The Minister in opening used what I can only call staggering meiosis when he congratulated himself and his Department on not having rushed into a Bill without adequate preparation. As many hon. Members have reminded the House, the Zachary Cope Committees reported in April, 1951, which is nearly nine years ago. I do not think that any hon. Member so far has reminded the House that more than four years ago there was a solemn promise by the party opposite in its 1955 election manifesto. It read as follows: We shall introduce legislation to give effective status to those, known as medical auxiliaries, who assist doctors in investigation and treatment. That is on page 25 of "United for Peace and Progress". [HON. MEMBERS: "Hear, hear."] The 1955 Parliament ran its full course, yet nothing was done.
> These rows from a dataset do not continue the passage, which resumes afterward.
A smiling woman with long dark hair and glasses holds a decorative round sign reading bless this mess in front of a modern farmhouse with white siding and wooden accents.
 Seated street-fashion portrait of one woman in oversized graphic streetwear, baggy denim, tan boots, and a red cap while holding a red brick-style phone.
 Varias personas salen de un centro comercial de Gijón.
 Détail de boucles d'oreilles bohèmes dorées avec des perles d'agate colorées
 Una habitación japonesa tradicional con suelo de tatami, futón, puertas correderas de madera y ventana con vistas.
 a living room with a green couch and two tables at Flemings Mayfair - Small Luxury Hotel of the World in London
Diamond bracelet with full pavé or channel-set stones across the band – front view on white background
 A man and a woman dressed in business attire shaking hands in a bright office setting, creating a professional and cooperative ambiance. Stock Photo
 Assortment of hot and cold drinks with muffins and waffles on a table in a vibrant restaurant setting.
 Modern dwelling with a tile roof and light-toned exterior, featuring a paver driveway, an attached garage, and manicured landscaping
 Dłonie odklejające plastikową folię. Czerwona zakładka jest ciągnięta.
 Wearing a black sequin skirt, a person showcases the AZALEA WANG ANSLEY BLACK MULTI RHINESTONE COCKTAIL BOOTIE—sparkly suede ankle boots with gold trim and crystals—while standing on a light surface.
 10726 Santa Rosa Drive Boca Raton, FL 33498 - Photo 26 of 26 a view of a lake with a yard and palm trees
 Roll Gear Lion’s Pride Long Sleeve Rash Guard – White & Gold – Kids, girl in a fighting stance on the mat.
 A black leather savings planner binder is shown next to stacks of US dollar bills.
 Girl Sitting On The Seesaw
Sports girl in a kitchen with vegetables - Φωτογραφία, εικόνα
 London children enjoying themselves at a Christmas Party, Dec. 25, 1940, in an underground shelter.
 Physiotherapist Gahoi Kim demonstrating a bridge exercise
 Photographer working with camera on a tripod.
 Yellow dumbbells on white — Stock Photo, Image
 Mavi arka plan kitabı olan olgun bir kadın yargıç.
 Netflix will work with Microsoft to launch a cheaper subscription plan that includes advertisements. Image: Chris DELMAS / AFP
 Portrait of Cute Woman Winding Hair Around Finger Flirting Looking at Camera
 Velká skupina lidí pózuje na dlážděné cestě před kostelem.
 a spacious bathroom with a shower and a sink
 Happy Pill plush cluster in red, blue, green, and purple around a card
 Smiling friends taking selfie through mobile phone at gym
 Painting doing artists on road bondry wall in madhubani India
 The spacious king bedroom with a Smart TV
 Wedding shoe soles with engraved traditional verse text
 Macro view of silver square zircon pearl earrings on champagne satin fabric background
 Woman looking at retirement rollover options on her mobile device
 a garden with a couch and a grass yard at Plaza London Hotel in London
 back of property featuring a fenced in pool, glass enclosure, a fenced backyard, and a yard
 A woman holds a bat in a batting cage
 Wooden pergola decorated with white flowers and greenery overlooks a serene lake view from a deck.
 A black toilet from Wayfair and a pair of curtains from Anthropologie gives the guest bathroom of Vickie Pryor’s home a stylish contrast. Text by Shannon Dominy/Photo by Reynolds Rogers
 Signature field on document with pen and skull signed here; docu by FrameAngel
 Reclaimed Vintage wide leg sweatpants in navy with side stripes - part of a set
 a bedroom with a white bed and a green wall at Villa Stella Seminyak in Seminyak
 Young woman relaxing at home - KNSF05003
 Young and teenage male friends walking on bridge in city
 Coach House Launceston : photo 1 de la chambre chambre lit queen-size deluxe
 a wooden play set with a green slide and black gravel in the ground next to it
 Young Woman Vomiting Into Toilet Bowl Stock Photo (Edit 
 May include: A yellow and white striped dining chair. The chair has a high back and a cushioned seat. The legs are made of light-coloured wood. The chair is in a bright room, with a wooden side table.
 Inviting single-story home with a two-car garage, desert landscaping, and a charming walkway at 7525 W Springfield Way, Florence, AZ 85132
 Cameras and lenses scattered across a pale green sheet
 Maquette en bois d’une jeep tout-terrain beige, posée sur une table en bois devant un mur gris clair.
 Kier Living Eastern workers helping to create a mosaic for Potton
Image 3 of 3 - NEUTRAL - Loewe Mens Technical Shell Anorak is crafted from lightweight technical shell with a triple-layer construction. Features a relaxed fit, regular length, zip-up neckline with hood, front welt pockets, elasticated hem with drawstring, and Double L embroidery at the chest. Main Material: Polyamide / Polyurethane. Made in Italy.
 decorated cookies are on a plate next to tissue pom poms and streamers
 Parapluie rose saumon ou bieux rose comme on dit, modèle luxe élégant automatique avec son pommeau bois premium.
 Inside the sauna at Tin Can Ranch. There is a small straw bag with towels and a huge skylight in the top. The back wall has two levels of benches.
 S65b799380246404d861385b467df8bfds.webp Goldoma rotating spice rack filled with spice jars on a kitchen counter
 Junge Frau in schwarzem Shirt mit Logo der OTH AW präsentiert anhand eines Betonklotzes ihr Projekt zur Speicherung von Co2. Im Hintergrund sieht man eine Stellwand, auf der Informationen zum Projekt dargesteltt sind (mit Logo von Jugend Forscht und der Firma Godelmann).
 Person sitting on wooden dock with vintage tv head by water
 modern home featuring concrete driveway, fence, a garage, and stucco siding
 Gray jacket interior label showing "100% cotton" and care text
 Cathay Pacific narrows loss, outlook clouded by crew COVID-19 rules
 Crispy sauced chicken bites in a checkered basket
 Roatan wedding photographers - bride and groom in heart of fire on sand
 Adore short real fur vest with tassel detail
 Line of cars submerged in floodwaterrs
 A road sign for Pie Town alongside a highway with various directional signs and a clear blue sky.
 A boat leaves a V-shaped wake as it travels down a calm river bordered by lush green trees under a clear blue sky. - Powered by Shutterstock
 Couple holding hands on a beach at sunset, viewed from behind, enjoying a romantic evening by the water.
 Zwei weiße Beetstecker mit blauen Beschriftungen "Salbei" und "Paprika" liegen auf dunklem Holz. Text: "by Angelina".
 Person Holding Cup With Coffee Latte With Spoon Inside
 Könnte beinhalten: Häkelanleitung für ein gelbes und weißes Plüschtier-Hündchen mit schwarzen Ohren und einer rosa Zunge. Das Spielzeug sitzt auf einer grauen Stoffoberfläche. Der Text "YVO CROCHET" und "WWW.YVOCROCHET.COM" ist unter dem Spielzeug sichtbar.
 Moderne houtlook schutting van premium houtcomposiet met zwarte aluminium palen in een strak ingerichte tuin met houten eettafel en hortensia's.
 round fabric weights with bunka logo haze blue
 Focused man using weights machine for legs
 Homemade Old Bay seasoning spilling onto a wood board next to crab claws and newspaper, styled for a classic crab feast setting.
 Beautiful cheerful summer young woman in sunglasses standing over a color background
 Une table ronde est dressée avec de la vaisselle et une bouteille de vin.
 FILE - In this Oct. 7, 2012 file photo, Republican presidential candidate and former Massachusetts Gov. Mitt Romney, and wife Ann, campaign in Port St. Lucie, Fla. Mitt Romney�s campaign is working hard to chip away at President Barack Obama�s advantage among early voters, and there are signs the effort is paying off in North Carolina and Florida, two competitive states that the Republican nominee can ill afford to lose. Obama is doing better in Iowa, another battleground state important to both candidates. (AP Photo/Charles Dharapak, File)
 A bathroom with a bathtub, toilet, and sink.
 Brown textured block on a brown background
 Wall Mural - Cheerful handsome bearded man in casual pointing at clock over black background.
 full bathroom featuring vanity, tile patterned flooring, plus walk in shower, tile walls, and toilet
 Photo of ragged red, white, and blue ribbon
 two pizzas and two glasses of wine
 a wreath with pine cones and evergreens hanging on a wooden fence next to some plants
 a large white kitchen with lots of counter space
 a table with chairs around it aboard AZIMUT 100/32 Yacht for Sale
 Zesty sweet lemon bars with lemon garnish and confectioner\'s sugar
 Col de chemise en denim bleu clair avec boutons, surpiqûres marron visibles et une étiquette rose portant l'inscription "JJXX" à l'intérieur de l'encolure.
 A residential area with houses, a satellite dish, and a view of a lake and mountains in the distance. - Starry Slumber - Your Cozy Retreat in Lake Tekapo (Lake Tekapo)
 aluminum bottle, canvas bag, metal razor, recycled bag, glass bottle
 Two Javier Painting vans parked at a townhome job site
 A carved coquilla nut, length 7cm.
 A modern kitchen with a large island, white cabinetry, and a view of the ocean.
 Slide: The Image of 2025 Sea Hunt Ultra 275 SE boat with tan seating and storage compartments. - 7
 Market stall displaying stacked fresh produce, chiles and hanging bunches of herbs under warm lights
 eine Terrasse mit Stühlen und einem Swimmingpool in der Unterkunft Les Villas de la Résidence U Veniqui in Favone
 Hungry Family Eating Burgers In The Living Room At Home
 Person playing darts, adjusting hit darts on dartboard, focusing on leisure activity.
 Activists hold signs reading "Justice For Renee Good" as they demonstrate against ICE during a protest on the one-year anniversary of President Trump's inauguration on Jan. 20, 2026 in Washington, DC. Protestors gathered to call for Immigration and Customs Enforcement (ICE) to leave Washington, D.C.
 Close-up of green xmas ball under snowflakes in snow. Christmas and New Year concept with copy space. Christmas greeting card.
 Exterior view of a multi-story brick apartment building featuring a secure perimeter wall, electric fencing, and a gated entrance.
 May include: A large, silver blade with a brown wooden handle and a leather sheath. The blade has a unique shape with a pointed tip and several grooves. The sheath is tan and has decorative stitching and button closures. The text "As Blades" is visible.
It is being done now, but that pledge was not honoured, and it does not stand alone in that respect. We know that there have been difficulties with the various professions involved, and with the medical profession; there have been complicated negotiations; but there has been a deplorable lack of urgency in considering the problem.

My right hon. Friend mentioned the objections of the British Medical Association to the Bill. I do not want to repeat what she said. I agree with every word of it. I want to make only one observation in this connection arising out of something which the hon. and gallant Member for Ripon (Sir M. Stoddart-Scott) said. He said that doctors are responsible in law for all the actions of these auxiliaries. I wonder whether he is right, because the letter which the British Medical Association sent to some hon. Members quoted only from its own disciplinary code. It is quite clear that that is what their professional code states. I should like the hon. Lady the Parliamentary Secretary, when winding up, to clear up the legal position about whether in law doctors are responsible for all the actions of these auxiliaries. I have my doubts about it.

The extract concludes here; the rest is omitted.